• [Task prompt]
The word "Blue" marks the lines to keep; find each one in the data and copy it.
- - - - - - -
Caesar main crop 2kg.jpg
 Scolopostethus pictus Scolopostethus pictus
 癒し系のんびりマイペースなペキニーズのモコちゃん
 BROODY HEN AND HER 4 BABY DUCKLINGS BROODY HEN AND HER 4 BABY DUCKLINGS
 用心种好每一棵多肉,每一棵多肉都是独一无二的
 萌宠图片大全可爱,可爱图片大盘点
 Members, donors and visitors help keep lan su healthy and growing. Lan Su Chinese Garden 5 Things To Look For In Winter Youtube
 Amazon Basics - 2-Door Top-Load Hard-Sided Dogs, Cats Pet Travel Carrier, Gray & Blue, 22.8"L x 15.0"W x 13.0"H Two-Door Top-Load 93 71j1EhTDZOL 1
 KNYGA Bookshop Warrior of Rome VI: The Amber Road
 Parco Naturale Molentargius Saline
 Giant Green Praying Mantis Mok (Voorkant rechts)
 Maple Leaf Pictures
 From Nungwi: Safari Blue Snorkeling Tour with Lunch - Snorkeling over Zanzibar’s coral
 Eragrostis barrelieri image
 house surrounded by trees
- - - - - - -
• [Answer to the problem]
 Amazon Basics - 2-Door Top-Load Hard-Sided Dogs, Cats Pet Travel Carrier, Gray & Blue, 22.8"L x 15.0"W x 13.0"H Two-Door Top-Load 93 71j1EhTDZOL 1
 From Nungwi: Safari Blue Snorkeling Tour with Lunch - Snorkeling over Zanzibar’s coral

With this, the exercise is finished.